Motivation. It is well known that generating function for Catalan numbers satisfies quadratic equation. I would like to have first several coefficients of a function, implicitly defined by an algebraic equation (not necessarily a quadratic one!).
Example.
import sympy as sp
sp.init_printing() # math as latex
from IPython.display import display
z = sp.Symbol('z')
F = sp.Function('F')(z)
equation = 1 + z * F**2 - F
display(equation)
solution = sp.solve(equation, F)[0]
display(solution)
display(sp.series(solution))
Question. The approach where we explicitly solve the equation and then expand it as power series, works only for low-degree equations. How to obtain first coefficients of formal power series for more complicated algebraic equations?
Related.
Since algebraic and differential framework may behave differently, I posted another question.

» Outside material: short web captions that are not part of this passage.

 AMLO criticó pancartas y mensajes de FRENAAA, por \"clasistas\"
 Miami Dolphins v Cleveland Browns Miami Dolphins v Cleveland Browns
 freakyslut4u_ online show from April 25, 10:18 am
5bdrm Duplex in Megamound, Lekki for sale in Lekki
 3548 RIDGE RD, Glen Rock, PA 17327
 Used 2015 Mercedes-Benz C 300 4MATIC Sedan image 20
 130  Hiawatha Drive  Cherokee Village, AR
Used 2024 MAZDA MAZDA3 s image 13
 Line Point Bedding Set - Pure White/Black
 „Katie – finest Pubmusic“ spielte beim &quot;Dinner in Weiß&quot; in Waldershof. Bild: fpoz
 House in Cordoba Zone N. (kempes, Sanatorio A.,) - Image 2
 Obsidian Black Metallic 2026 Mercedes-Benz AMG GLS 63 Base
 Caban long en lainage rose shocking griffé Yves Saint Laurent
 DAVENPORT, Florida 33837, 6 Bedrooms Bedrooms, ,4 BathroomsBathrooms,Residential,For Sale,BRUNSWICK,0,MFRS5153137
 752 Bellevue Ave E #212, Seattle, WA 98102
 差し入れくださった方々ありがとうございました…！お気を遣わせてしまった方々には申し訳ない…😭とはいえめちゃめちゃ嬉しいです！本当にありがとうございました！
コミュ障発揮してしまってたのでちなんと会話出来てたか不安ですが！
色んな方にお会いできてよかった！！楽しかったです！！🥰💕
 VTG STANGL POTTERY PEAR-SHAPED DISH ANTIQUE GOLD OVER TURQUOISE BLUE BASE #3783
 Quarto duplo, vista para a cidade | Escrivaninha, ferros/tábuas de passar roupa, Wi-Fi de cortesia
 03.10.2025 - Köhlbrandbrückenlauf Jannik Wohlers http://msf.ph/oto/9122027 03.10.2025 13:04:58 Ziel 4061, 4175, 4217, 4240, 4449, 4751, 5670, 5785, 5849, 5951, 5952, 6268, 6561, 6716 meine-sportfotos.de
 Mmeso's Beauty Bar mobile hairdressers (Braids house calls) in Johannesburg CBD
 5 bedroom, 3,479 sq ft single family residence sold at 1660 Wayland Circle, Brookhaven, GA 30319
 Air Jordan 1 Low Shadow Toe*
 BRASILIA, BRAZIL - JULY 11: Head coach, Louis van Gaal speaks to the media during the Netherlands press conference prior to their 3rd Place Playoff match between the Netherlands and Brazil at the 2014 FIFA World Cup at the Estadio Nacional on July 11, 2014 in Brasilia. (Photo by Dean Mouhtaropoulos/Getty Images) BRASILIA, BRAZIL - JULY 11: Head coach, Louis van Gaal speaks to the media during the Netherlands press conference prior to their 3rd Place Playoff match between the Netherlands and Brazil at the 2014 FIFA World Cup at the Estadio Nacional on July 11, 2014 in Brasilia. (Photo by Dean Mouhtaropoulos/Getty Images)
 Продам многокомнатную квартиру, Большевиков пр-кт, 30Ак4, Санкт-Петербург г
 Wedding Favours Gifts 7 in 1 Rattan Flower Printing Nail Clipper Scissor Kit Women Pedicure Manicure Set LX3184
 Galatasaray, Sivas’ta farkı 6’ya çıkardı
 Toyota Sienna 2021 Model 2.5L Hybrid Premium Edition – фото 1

Sympy: how to solve differential equation in formal power series?
I don't know a built-in way, but plugging in a polynomial for F and equating the coefficients works well enough. Although one should not try to find all coefficients at once from a large nonlinear system; those will give SymPy trouble. I take iterative approach, first equating the free term to zero and solving for c0, then equating 2nd and solving for c1, etc.
This assumes a regular algebraic equation, in which the coefficient of z**k in the equation involves the k-th Taylor coefficient of F, and does not involve higher-order coefficients.
from sympy import *
z = Symbol('z')
d = 10 # how many coefficients to find
c = list(symbols('c:{}'.format(d))) # undetermined coefficients
for k in range(d):
F = sum([c[n]*z**n for n in range(k+1)]) # up to z**k inclusive
equation = 1 + z * F**2 - F
coeff_eqn = Poly(series(equation, z, n=k+1).removeO(), z).coeff_monomial(z**k)
c[k] = solve(coeff_eqn, c[k])[0]
sol = sum([c[n]*z**n for n in range(d)]) # solution
print(series(sol + z**d, z, n=d)) # add z**d to get SymPy to print as a series
This prints
1 + z + 2*z**2 + 5*z**3 + 14*z**4 + 42*z**5 + 132*z**6 + 429*z**7 + 1430*z**8 + 4862*z**9 + O(z**10)